Gegen halb sieben habe ich Geräusche gehört, dann wurde die Tür eingetreten.

Man hielt es nicht für nötig, zu klopfen oder zu klingeln?

Nee. Ich brauch’ jetzt ’ne neue Tür. Da ist ein Riesenstück herausgebrochen, der Türrahmen ist kaputt. Sie sind in die Wohnung rein, mit gezogenen Maschinenpistolen, haben mich aus dem Bett gezogen und direkt auf den Boden gedrückt.

Wie viele Beamte waren in der Wohnung?

Vielleicht zehn. Alle waren in voller Kampfmontur, wie man es aus dem Fernsehen kennt.

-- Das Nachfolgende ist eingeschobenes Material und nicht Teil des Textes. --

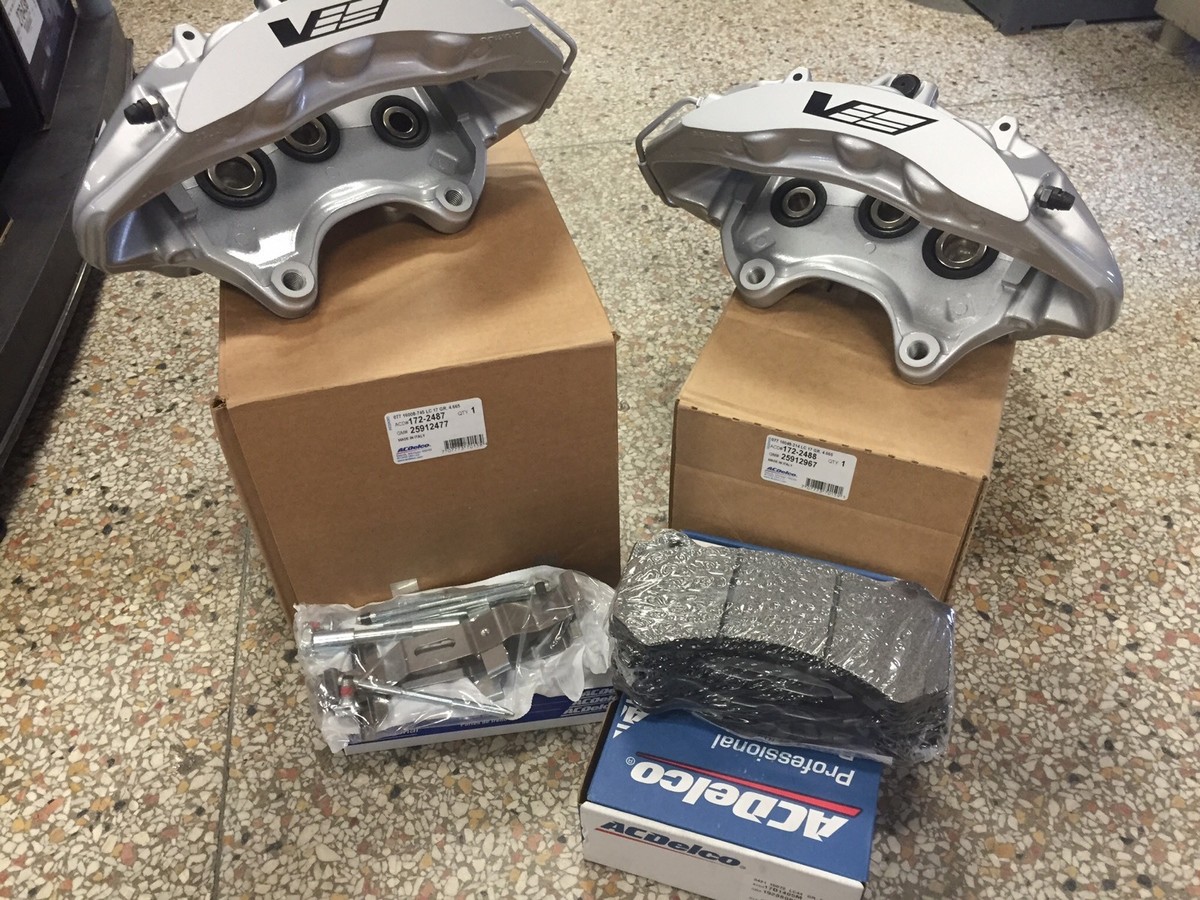 2009-12 Cadillac CTS-V Brembo Silver 6 Piston Front Calipers + GM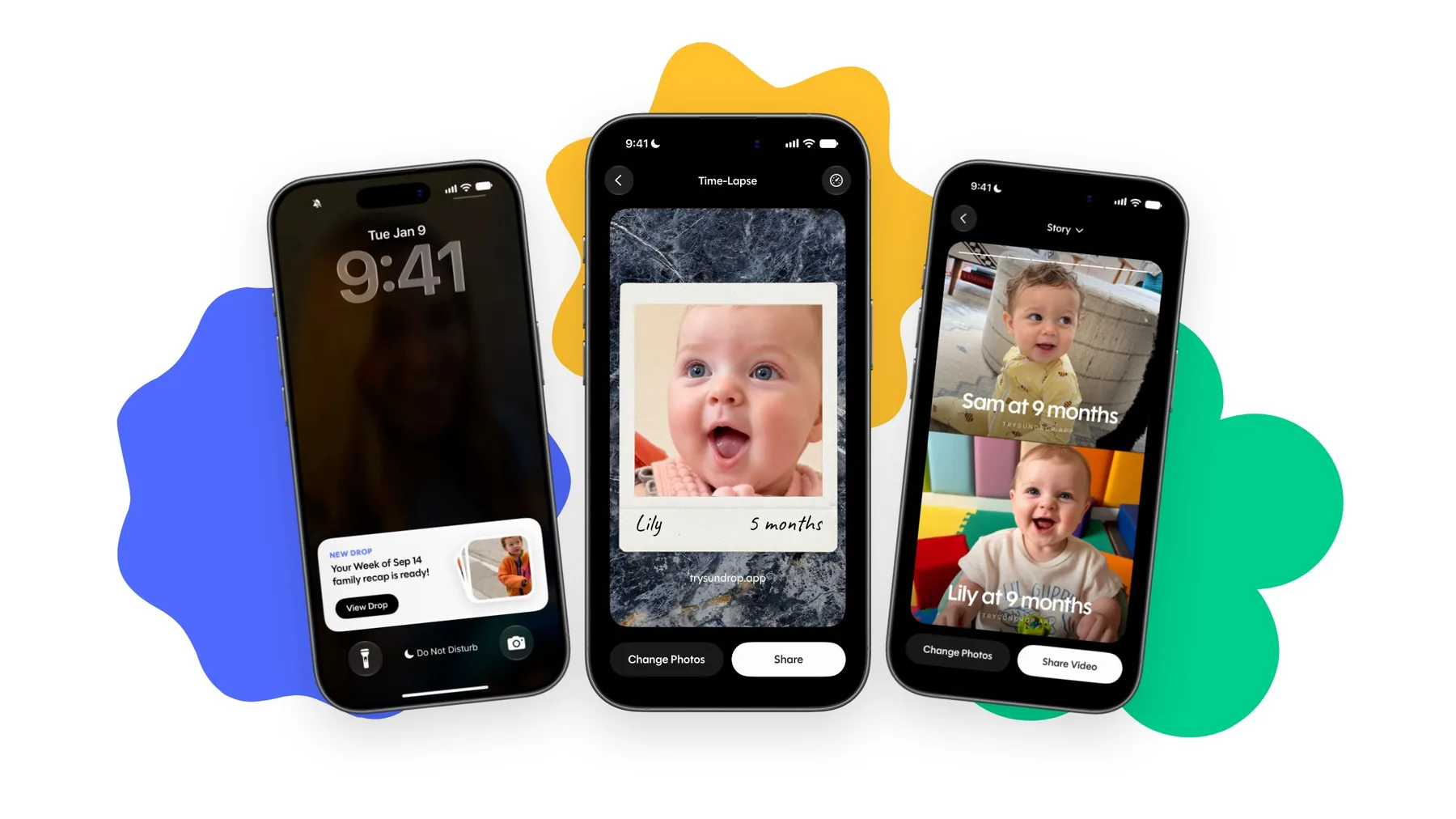 Three iPhones showing a Sundrop Live Activity on the Lock Screen, a time-lapse and a same-age drop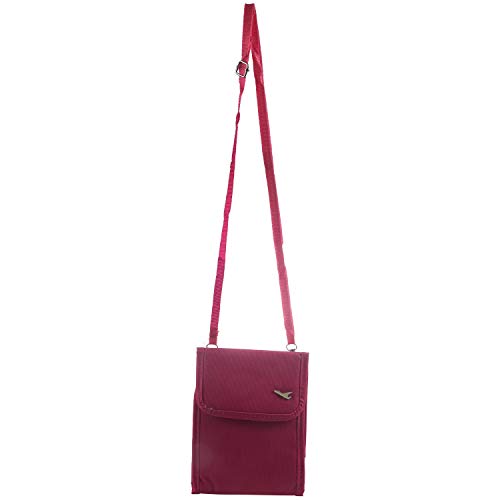 Vklopdsh Travel Mini Multifunktion Karten Tasche mit HäNgendem Kragen Pass Paket Rosa Rot von Vklopdsh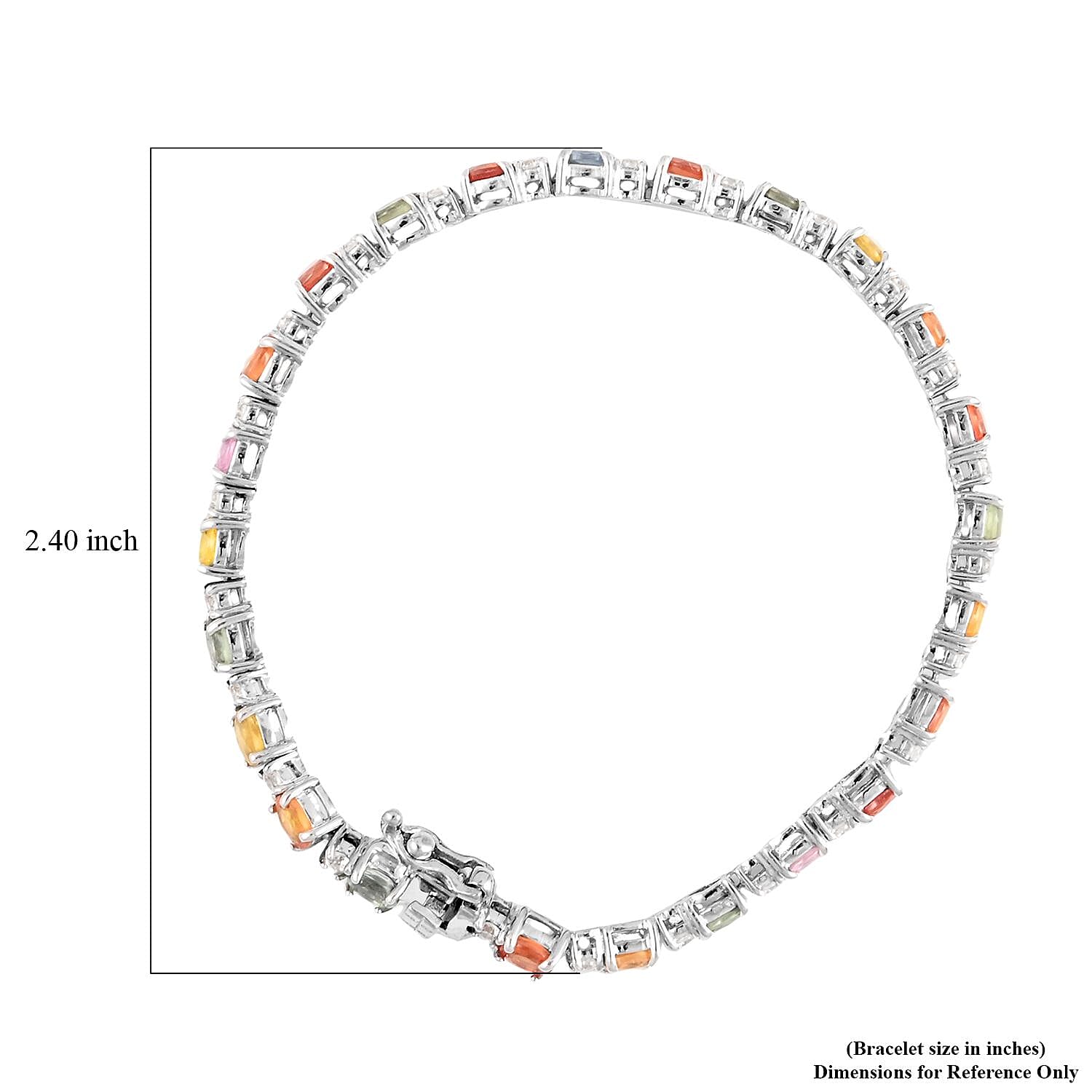 Multi Sapphire and White Zircon Bracelet in Platinum Over Sterling Silver (6.50 In) 7.35 ctw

Ich wurde mit dem Bauch auf den Fußboden gedrückt, meine Arme wurden auf den Rücken gedreht, mir wurden Handfesseln angelegt.

Und dann?

Ich habe ein paar Minuten auf dem Boden gelegen, dann durfte ich mich aufs Bett legen und ein Beamter vom Landeskriminalamt meinte, ob ich friedlich sei. Ich hab’ ihm gesagt: Was soll das denn? Sie überfallen mich hier und fragen mich, ob ich friedlich bin.

Es gab noch weitere Durchsuchungen?

Ja. Parallel wurden auch die Wohnung eines Genossen und die Vereinsräumlichkeiten des »Roten Aufbaus« in Eimsbüttel durchsucht. Die sind krass geschützt, weil das ein Keller ist mit Brandschutztüren. Die Polizei hat dort fünf Türen gewaltsam geöffnet. Da ist ein Sachschaden von mehreren tausend Euro angerichtet worden. Die Polizei hatte übrigens die Springer-Presse mit dabei.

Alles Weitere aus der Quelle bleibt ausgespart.